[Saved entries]
-- Opening Marker --

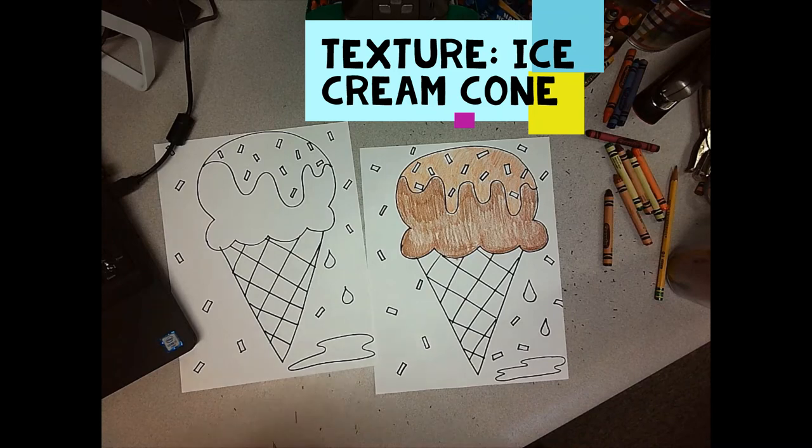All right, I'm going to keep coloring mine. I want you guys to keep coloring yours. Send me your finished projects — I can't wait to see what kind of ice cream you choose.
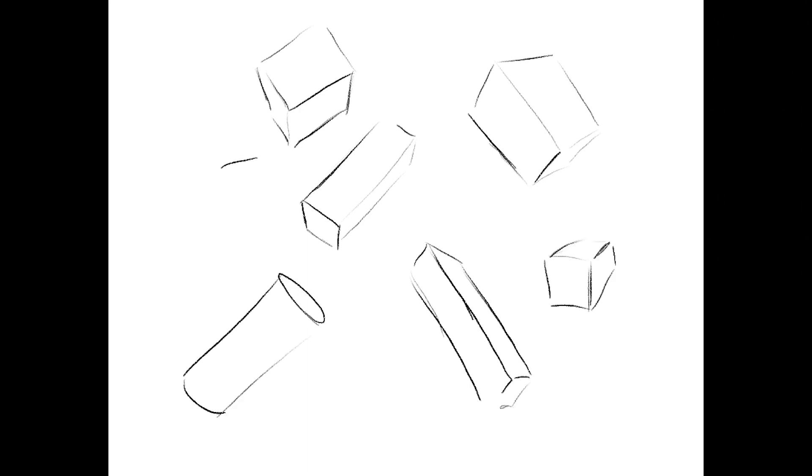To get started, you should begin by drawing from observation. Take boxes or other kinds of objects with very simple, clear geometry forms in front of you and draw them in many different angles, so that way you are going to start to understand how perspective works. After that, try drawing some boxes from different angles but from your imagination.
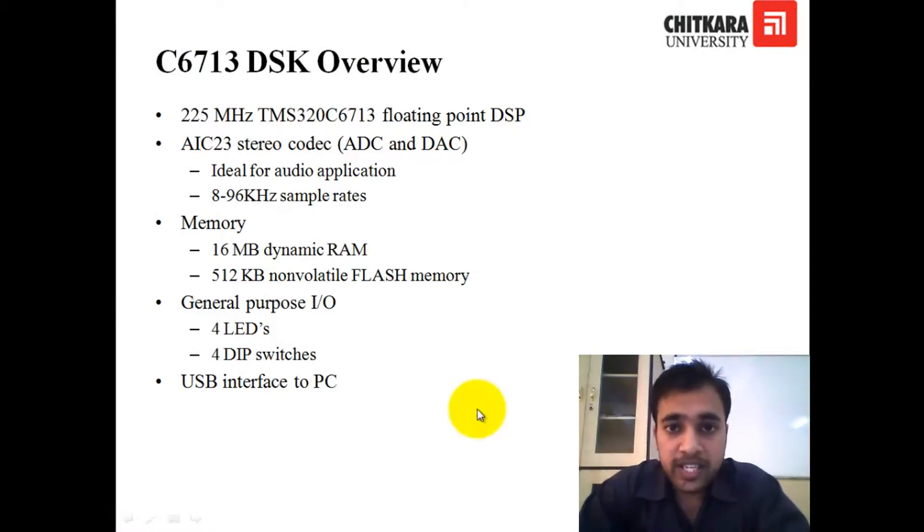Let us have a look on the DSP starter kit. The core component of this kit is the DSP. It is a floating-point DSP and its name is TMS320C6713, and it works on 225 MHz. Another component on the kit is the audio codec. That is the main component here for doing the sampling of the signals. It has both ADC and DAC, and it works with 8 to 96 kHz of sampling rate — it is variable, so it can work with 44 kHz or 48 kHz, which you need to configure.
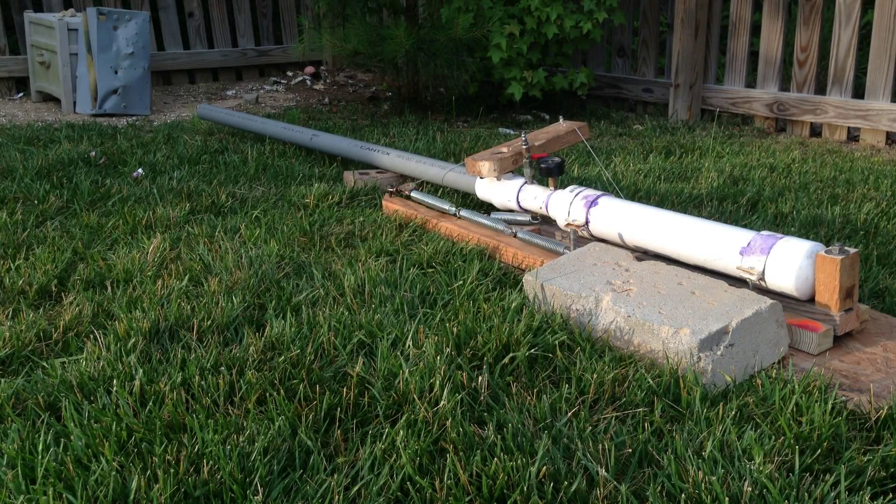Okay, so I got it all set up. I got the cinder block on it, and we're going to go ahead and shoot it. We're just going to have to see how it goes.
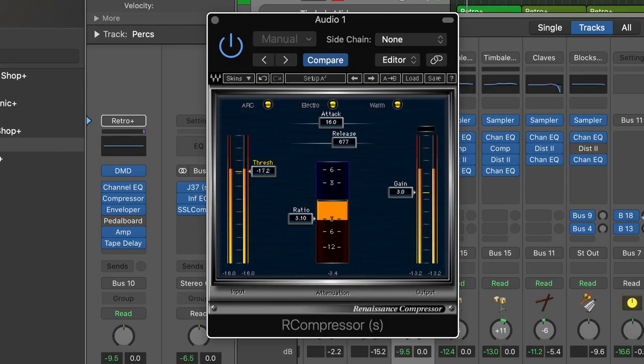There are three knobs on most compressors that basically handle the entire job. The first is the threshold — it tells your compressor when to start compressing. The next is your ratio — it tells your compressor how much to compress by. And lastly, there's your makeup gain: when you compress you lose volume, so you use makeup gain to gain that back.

-- Closing Marker --

** Exercise prompt **
Here the job is to print all the entries above exactly, minus the images.

** Answer to this task **
All right, I'm going to keep coloring mine. I want you guys to keep coloring yours. Send me your finished projects — I can't wait to see what kind of ice cream you choose.
To get started, you should begin by drawing from observation. Take boxes or other kinds of objects with very simple, clear geometry forms in front of you and draw them in many different angles, so that way you are going to start to understand how perspective works. After that, try drawing some boxes from different angles but from your imagination.
Let us have a look on the DSP starter kit. The core component of this kit is the DSP. It is a floating-point DSP and its name is TMS320C6713, and it works on 225 MHz. Another component on the kit is the audio codec. That is the main component here for doing the sampling of the signals. It has both ADC and DAC, and it works with 8 to 96 kHz of sampling rate — it is variable, so it can work with 44 kHz or 48 kHz, which you need to configure.
Okay, so I got it all set up. I got the cinder block on it, and we're going to go ahead and shoot it. We're just going to have to see how it goes.
There are three knobs on most compressors that basically handle the entire job. The first is the threshold — it tells your compressor when to start compressing. The next is your ratio — it tells your compressor how much to compress by. And lastly, there's your makeup gain: when you compress you lose volume, so you use makeup gain to gain that back.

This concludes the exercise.